- What you are asked to do -
Copy the data exactly as it appears, and do not include any pictures.

- Provided data -

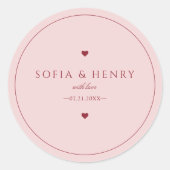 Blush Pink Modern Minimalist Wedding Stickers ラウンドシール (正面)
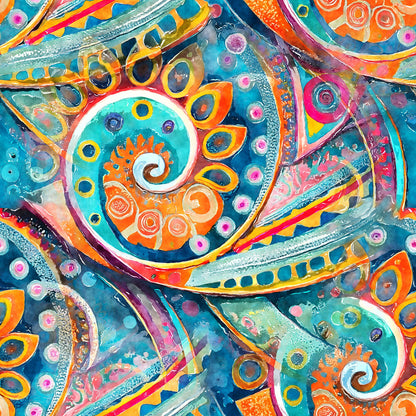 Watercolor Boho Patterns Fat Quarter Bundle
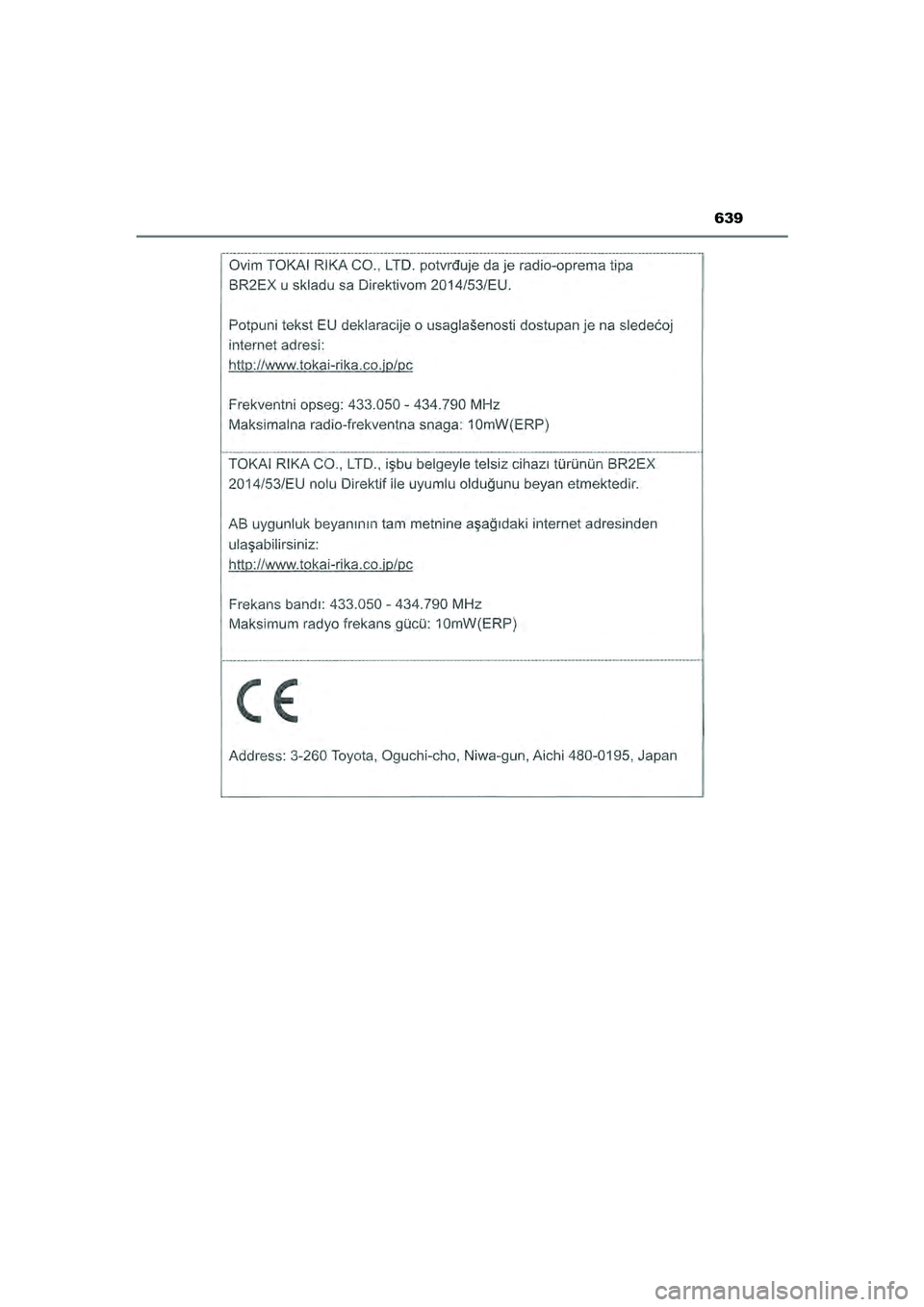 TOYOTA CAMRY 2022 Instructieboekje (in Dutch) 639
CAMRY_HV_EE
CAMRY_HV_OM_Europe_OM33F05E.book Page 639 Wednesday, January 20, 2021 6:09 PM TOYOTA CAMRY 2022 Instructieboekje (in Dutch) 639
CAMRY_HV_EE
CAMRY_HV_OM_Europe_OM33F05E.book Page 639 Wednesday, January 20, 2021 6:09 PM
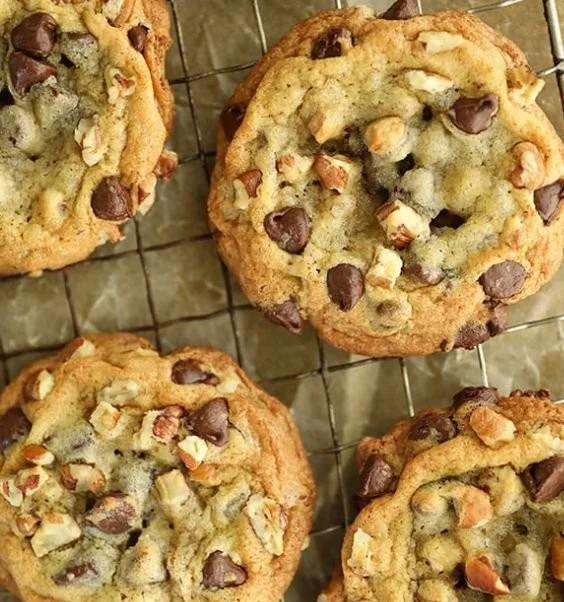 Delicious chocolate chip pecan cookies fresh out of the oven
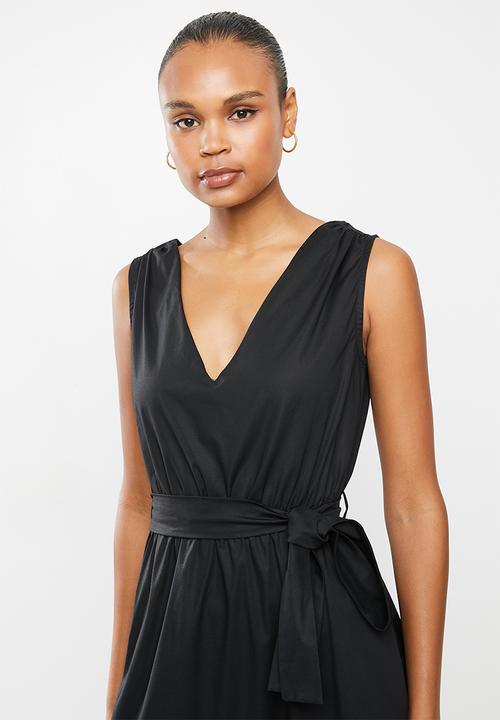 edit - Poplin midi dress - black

- Answer space -
 Blush Pink Modern Minimalist Wedding Stickers ラウンドシール (正面)
 Watercolor Boho Patterns Fat Quarter Bundle
 TOYOTA CAMRY 2022 Instructieboekje (in Dutch) 639
CAMRY_HV_EE
CAMRY_HV_OM_Europe_OM33F05E.book Page 639 Wednesday, January 20, 2021 6:09 PM TOYOTA CAMRY 2022 Instructieboekje (in Dutch) 639
CAMRY_HV_EE
CAMRY_HV_OM_Europe_OM33F05E.book Page 639 Wednesday, January 20, 2021 6:09 PM
 Delicious chocolate chip pecan cookies fresh out of the oven
 edit - Poplin midi dress - black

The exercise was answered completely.